On Wednesday, Google announced its 10th birthday celebration endeavor, called Project 10^100 (pronounced "Project 10 to the 100th"). In a statement, the company said it was "asking our users to send us exciting ideas for ways to improve people's lives," adding that it has "committed $10 million to turn up to five of the best ideas into reality."
Five Ideas Selected for Funding
The company said that an idea could use technology or not, could be big or small, but it must have an impact. The 100 best ideas will then be identified, and users will be asked to vote on which ideas the company should back with funds.
The deadline for submission of ideas is October 20, and the top 20 ideas will be available for online voting on January 27. After that, a panel of judges will choose as many as five of the ideas for final funding.
On the company's official blog, Andy Berndt, managing director of Google's Creative Lab, noted that we are living in a time when people have access to more information, more tools, and more ways of turning good ideas into action.

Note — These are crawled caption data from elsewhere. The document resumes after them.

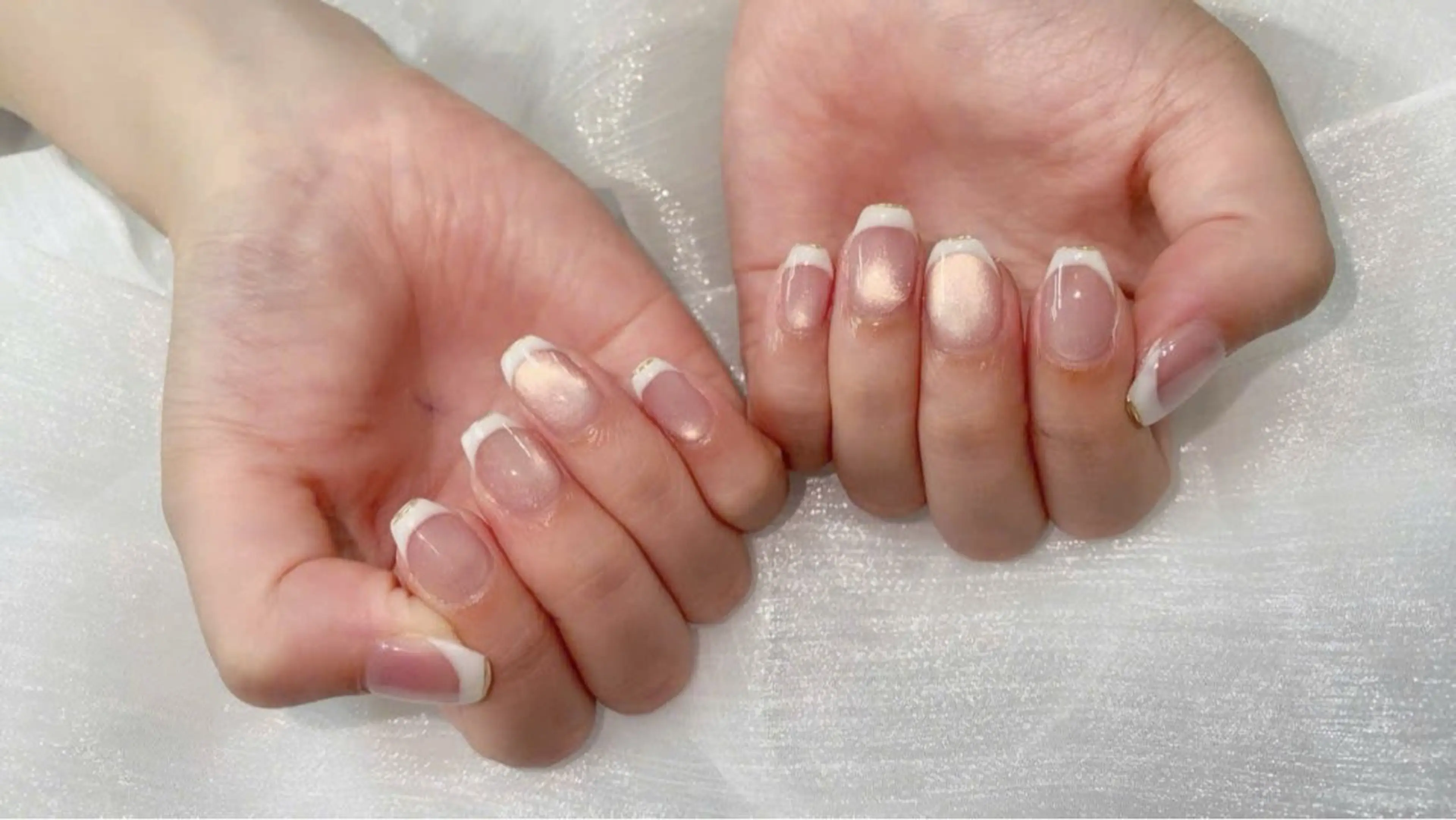 ネイル フレンチネイル グラデーション キラキラネイル 韓国ネイル マグネットネイル フットネイル Hara Nail 【パラジェル使用】のネイルデザイン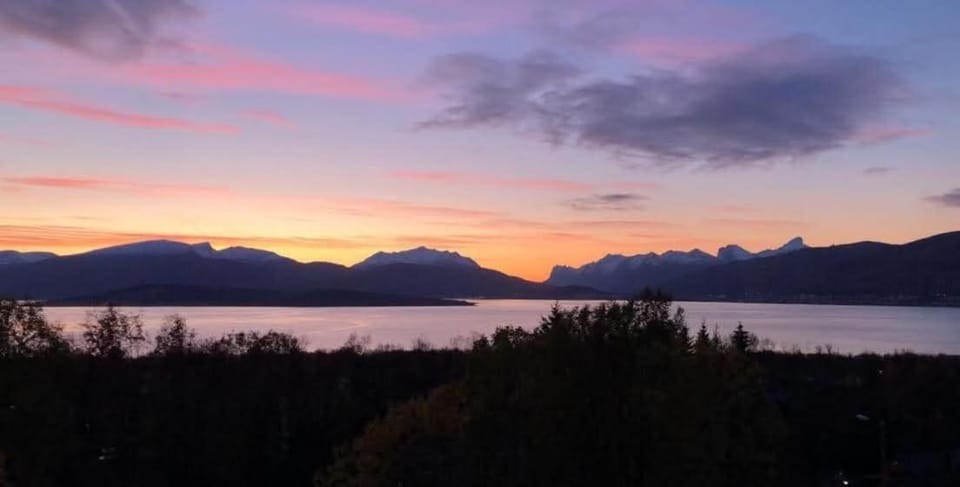 House with panoramic view Villa in Tromso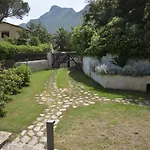 Villa Al 
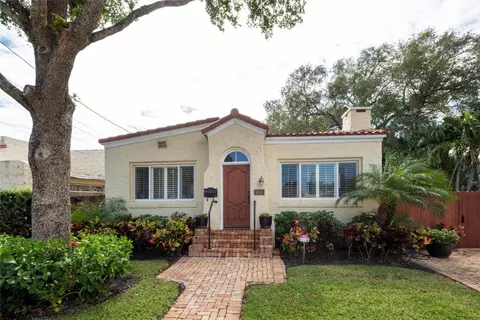 800 SE 10 St, Fort Lauderdale, FL 33316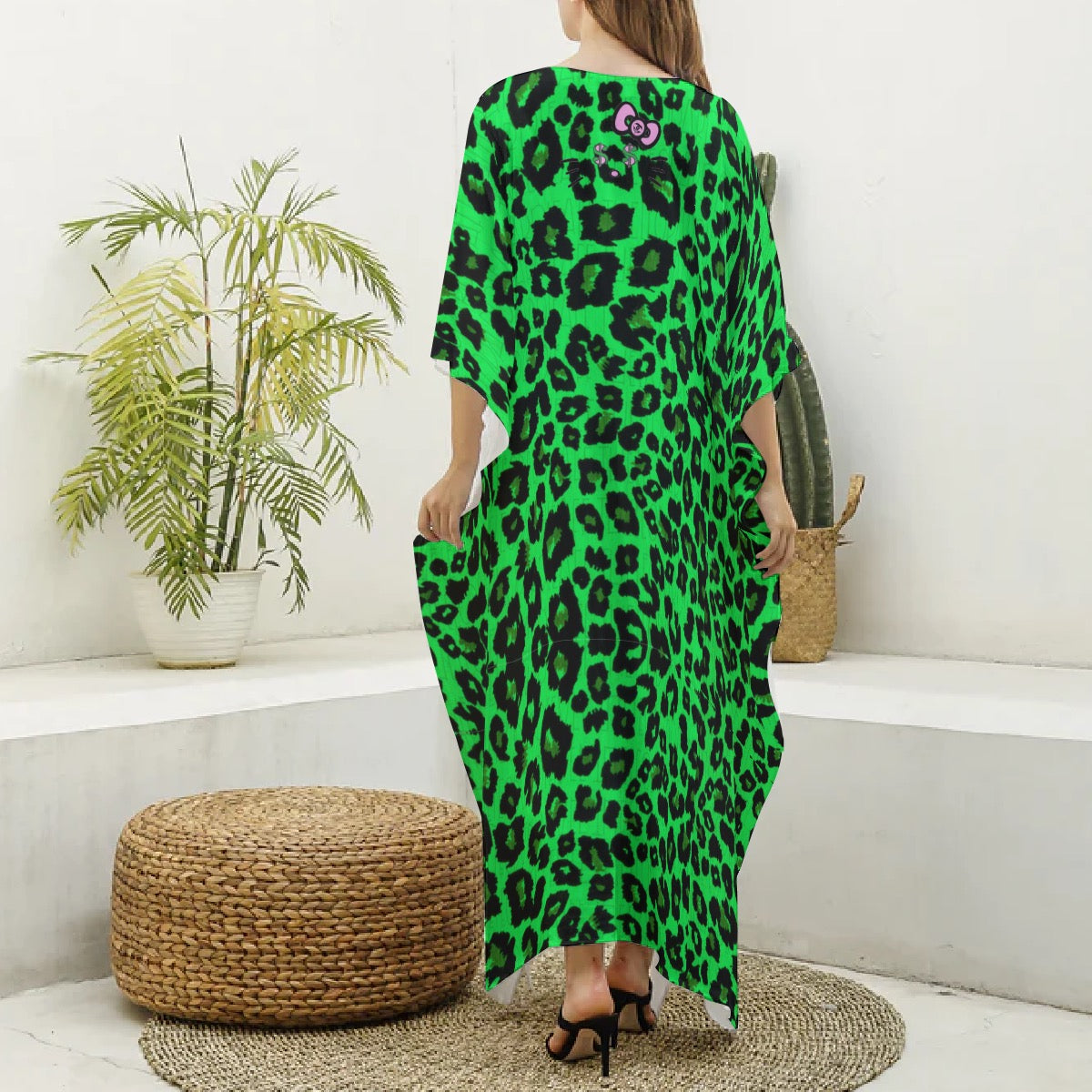 Cash Kitty Silk V-neck mumu- emerald wild
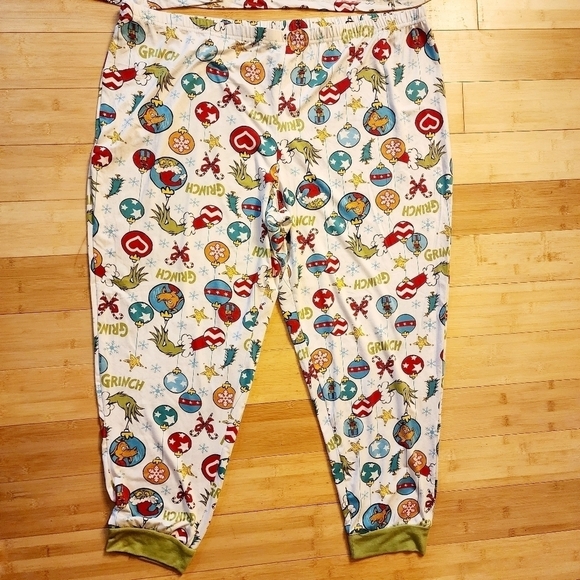 Dr Seuss “The Grinch” Christmas PJ Set Pajamas Women's 3X White All Over Print - Picture 6 of 13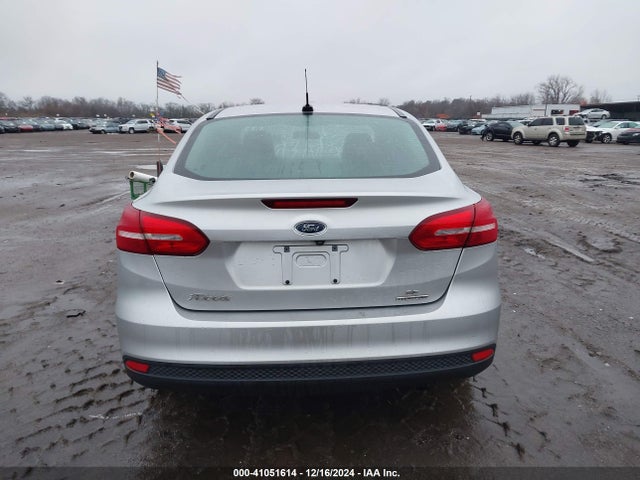 Ford FOCUS SE 2016 1FADP3F24GL329547 Image 16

"Yet," he wrote, "at the same time so many people (in all walks of life) could use some help, in small ways and big." The ideas could come from anywhere, he said -- a lab, a company, a university, or even "some small connection you've noticed, some old way of doing something that you've seen with new eyes."
'Savvy Business Move'
The company mentioned a few examples of the kinds of innovative ideas it's looking for. The Hippo Water Roller makes it possible for people in underdeveloped countries to collect five times as much water as the traditional method of carrying a five-gallon bucket on the head. Instead of causing damage to the spine, neck and knees of the water carrier, as the traditional head-carrying method can, the Roller allows the larger water bucket to be rolled instead of carried.
First Mile Solutions, based in Cambridge, Massachusetts, and derived from research at MIT, uses Wi-Fi and digital storage to create "cached Wi-Fi intelligence" that is helping to connect rural communities worldwide, at a very low cost per user.
Google said it would be considering ideas in the categories of Community, Opportunity, Energy, Environment, Health, Education and Shelter, as well as "Everything Else."
Laura DiDio, an analyst with industry research firm Information Technology Intelligence Corps, described Google's birthday present to itself as "a savvy business move," as well as an altruistic one.
She noted that more and more companies are looking to the public to submit ideas via the Internet, and this one in particular emphasizes Google's "sense of inclusiveness, of being green, of trying to make the world a better place," which will benefit its image to the public.